Nissan Motor Co. rose higher following the U.S. government agreeing to offer a low-interest loan of 1.6 billion dollars, or 150 billion yen, to support the company's development of eco-friendly vehicles. After falling nearly 5% on Tuesday, the stock moved up sharply this morning on technical rebound and the positive news flow. However, after initial buoyancy, the stock pared its gains and is currently trading in the red.
Showa Shell Sekiyu KK shares rose sharply Wednesday, climbing 9.6% to hit a year-to-date high of 1,077 yen, on reports that the firm plans to set up solar power facilities in Saudi Arabia jointly with Saudi Arabian Oil Co., attracting buying from investors targeting solar-related issues. On May 26, Showa Shell had announced its aim to generate sales of 50 billion yen from the solar cell business in fiscal 2014, amounting to half of its group pretax profit target for the full year. The stock is currently trading up 8.2% at 1,064 yen.
On the economic front, Japan posted a 299.8 billion yen merchandise trade surplus in May, Finance Ministry data showed Wednesday, marking the fourth straight month of surplus. The figure was better than the 214.6 billion yen surplus expected by economists polled by Dow Jones Newswires and the Nikkei. The surplus was 12.1% narrower than in the same month a year earlier.
Exports in May fell 40.9% from a year earlier, the eighth straight month of decline on weak overseas demand for cars, steel and electronic parts, the data showed. Imports dropped 42.4% in May, the data showed, marking the seventh straight month of decrease.
In other economic news, a release from the Bank of Japan revealed the corporate services price index plunged 3% year on year to 92.4 in May, the sharpest decline since the data began to be compiled in 1985. The decline was attributed to lower crude oil prices and overall sluggish demand. The index dropped 0.3% from April, down for the second straight month. By industry, prices in the transport sector slid 10.7% year on year, while the advertising industry saw a record 6.6% decline. The index gauges the overall level of prices that companies pay for services.
In the South Korean market, bank stocks are mostly trading weak. Oil and energy stocks are subdued, while automobiles are trading mixed.

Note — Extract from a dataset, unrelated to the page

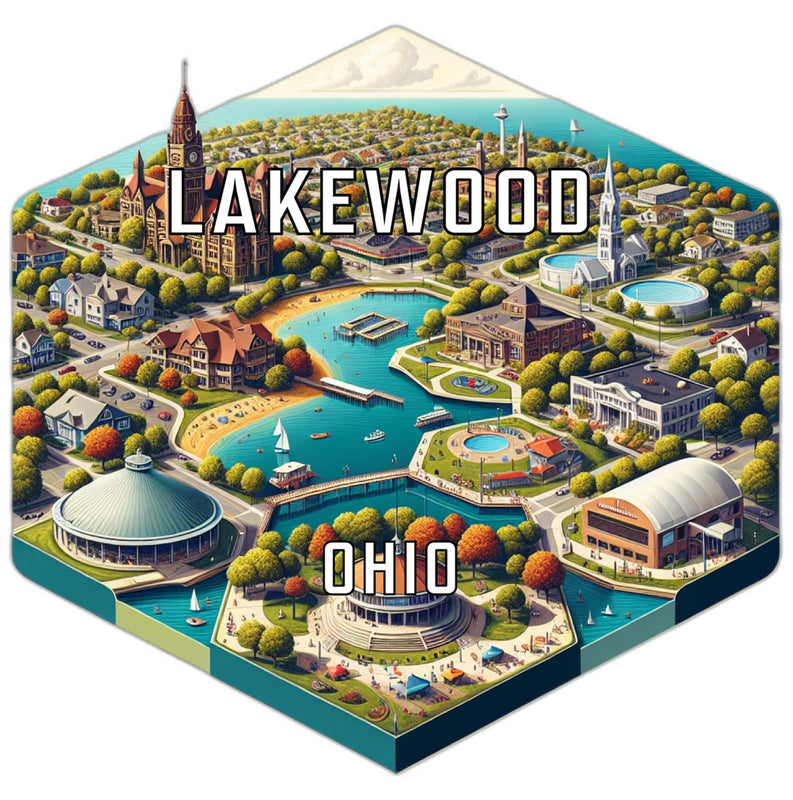 Lakewood Ohio Souvenir Travel Destination Die Cut Hexagon Fridge Magnet 6-Inch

Technology stocks are seen trading firm, with Hynix Semiconductor, LG Electronics and LG Display LCD posting sharp gains. Market heavyweight Samsung Electronics is trading modestly higher.
Steel stocks are trading flat. Telecom stocks are exhibiting weakness while shipbuilders and airliners are trading mixed.
The Korean benchmark KOSPI is down by 5 points at 1,355.54. Earlier, after moving on to 1,367, the index had dropped down to around 1,350. The KOSPI had ended 39.17 points or 2.8% down at 1,361 on Tuesday following losses on Wall Street, amid concerns about global recovery.
Among other markets in the Asia-Pacific region, Shanghai and Hong Kong are trading with modest gains. Indonesia, Singapore and Taiwan are up sharply, while the New Zealand market is trading lower.
On Tuesday, stocks ended little changed on Wall Street after a choppy ride. Volumes were thin as traders mostly stayed on the sidelines ahead of the release of the Federal Reserve's outlook on interest rates. A lower than expected rise in existing homes sales also weighed to an extent.
The major averages finished on opposite sides of the unchanged mark by only mild margins, unable to sustain any notable moves on the day. While the S&P 500 finished up by 2.06 points or 0.2 percent at 895.10, the Dow slipped by 16.10 points or 0.2 percent to 8,322.91, and the Nasdaq dropped by 1.27 points or 0.1 percent to 1,764.92.
Major European markets finished the day on opposite sides of the unchanged line. The French CAC 40 Index and the U.K.'s FTSE 100 Index slipped by 0.2 percent and 0.1 percent, respectively, while the German DAX eked out a 0.3 percent gain.
Oil jumped higher on Tuesday as investors looked ahead to the Energy Information Administration's weekly inventory report, which is expected to show a drop in stockpiles on Wednesday. Light sweet crude for August delivery rose to US$69.24 per barrel, up US$1.74 on the session. Prices rallied as high as US$69.68 after falling to as low as US$ 66.37.